Ao entrar no novo mundo, o herói leva pouca coisa consigo: normalmente algum tipo de amuleto ou ferramenta que acabará lhe sendo útil no mundo da aventura. Alguns heróis não levam nada além de um conselho de um sábio ou de uma pessoa mais velha. Então é prudente, ao se aproximar de uma quadratura, checar a bagagem. O que temos? Que “presentes” recebemos recentemente (normalmente no sextil que antecede a quadratura)? Que conselhos ou alertas nos foram dados e ouvimos sem muita atenção? É preciso coragem para entrar no mundo da aventura, e o início da coragem é a escolha de entrar voluntariamente.

Por outro lado, e do outro lado da porta de entrada, é bom estar preparado para encontrar um mundo diverso do seu. De pouco adiantarão comparações vitimizadas do tipo “ah, no meu mundo não é assim, não estou gostando disso aqui não, ninguém me respeita...” Enfrentar a quadratura, depois que se cruzou a entrada, é estar aberto para aprender as regras do novo mundo. O que conta aqui é a prontidão, a capacidade de se adaptar, de, pelo menos no começo, estar disposto a ficar de cócoras na terra dos sapos. É esse aprendizado da lógica do novo mundo que vai garantir ao herói as facilidades do trígono seguinte e que propiciará que ele obtenha a vitória sobre o seu adversário.

Isso sobre a primeira quadratura, de 90°. Se o herói fizer tudo direitinho na primeira quadratura, podemos compreender a ironia da segunda quadratura: o herói que, corajosamente, conquistou um mundo que a princípio lhe era estranho e amedrontador, agora terá que juntar coragem para, imaginem, abandonar esse mundo. Logo agora que o mundo novo está a seus pés, dominado, controlado, ele tem que abrir mão disso para começar o retorno para seu antigo mundo. Porque ele é um herói, não vive a aventura só para si mas também para os seus e, em última instância, para toda a humanidade. Ele tem que retornar trazendo o que conquistou. Ele tem que voltar para ensinar o que aprendeu. A segunda quadratura é a saída da aventura, é o fim da parte principal da história. Como encará-la?

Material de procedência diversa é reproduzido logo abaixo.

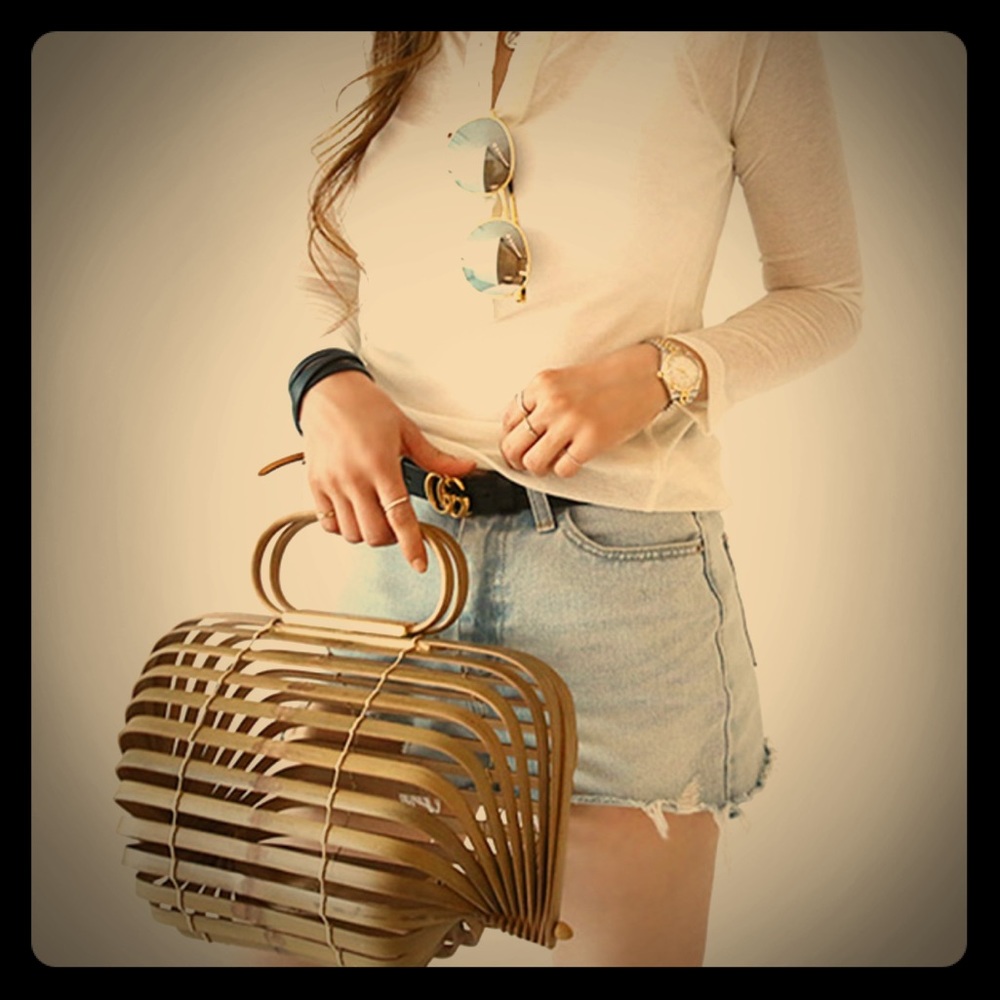 Bamboo Basket Handbag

Da mesma forma que o herói entrou no mundo da aventura com pouco, deve sair de lá com pouco. Pode trazer uma lembrança ou um objeto que havia sido roubado de seu próprio mundo por seu adversário e que o herói resgatou. Pode trazer um segredo, uma revelação, em ensinamento. Coisa importante, sem dúvida, mas pouca. O herói deve ceder à tentação de trazer para seu mundo coisas que só pertencem ao mundo da aventura.

Além disso, o herói não deve tomar seu próprio mundo como certo. Se o herói se transformou, não é de todo improvável que o seu próprio mundo tenha se transformado na sua ausência. No mínimo, o seu mundo está mais receptivo à mudança e cabe ao herói que voltou da aventura ser uma espécie de líder de seu povo, ajudando-o na transformação, ou mesmo promovendo-a.

A entrada e a saída do mundo da aventura são momentos importantíssimos nas histórias. São os momentos mais emocionantes para o leitor, o ouvinte ou o espectador. São esses momentos que tornam uma história especial, clássica. São esses momentos que, literalmente, valem a pena. A pena, a dor e o sofrimento estão lá para serem enfrentados com coragem. É esse o nosso papel: darmos a cara a tapa; batermos nós também. As histórias não são relatos de conforto, e a vida também não deveria ser. Não podemos nos abster das quadraturas e esperar que o trígono nos caia levemente do céu. Tudo tem um preço, e o preço do trígono é a primeira quadratura que o precede. Assim como a segunda quadratura é o preço a pagar pelo retorno para casa, aquele lugar, dizia Dorothy de O Mágico de Oz, “como não há outro igual”.